3.3 I can explain computational solutions in terms of sequential automated steps.

The candidate should be able to explain how computational solutions have or can be be achieved through descriptions of the sequential steps that are apparent.

Evidence: portfolios.

Additional evidence and guidance

Given common computational solutions candidates should be able to give plausible sequences of key events and control that explain how the solution has been achieved. For example, drawing a circle. Move forward 1/360 of the circumference and turn left 1 degree. Repeat this sequence 360 times. To play the national anthem. Make a file containing the data for the sounds of the notes. Each note will have data for pitch, amplitude and duration. Starting at the first note use the data in the note to make the sound defined by the data.
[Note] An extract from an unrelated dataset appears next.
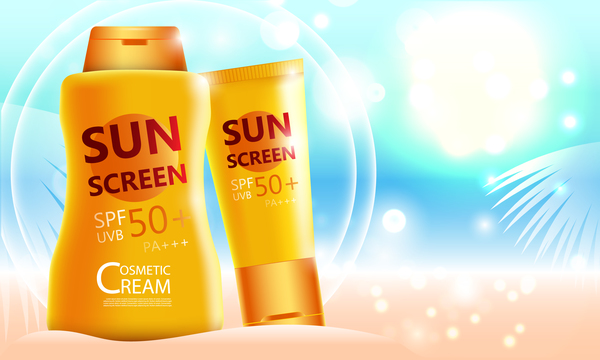 sunscreen ream poster cosmetic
Repeat for each note in sequence until the end of the file. Candidates should have many opportunities to produce short working programs and describe the in these terms. They should see how many short programs can be aggregated to produce larger more complex systems but that the principle of automated sequences is present in many different parts. This can be related to more specialist work on convergent and divergent iterations.

3.4 I can find ways of making computational solutions more efficient.

Candidates should be constantly looking for ways of making their solutions to problems more efficient.

Evidence: descriptions of times where they have succeeded in improving the efficiency of one of their solutions. What did they do and why?

Additional information and guidance

Evidence might also include research that candidates have done to support their learning in a specific area so they know how to implement something as efficiently as possible. e.g. research on sort or search algorithms, efficient data storage, using integer arithmetic, using more efficient libraries.

3.5 I can work collaboratively and persistently to achieve a good computational solution.

Candidates should be cooperative with their peers, assessors and third parties. They should show courage and persistence to get tasks completed and to solve problems that cause them difficulties.

Evidence: Assessor observations. Documentation in portfolios.

Additional information and guidance

Assessors should bring this criterion to the attention of any candidates that have weak attitudes.

They need to satisfy this criterion before being eligible to take the grading exam. Where a candidate goes through a bad patch but then turns things around, this should be recorded in the evidence base.

Moderation/verification
The assessor should keep a record of assessment judgements made for each candidate and make notes of any significant issues for any candidate. They must be prepared to enter into dialogue with their Account Manager and provide their assessment records to the Account Manager through the online mark book. They should be prepared to provide evidence as a basis for their judgements through reference to candidate e-portfolios and through signed witness statements associated with the criteria matching marks in the on-line mark book. Before authorizing certification, the Account Manager must be satisfied that the assessors judgements are sound.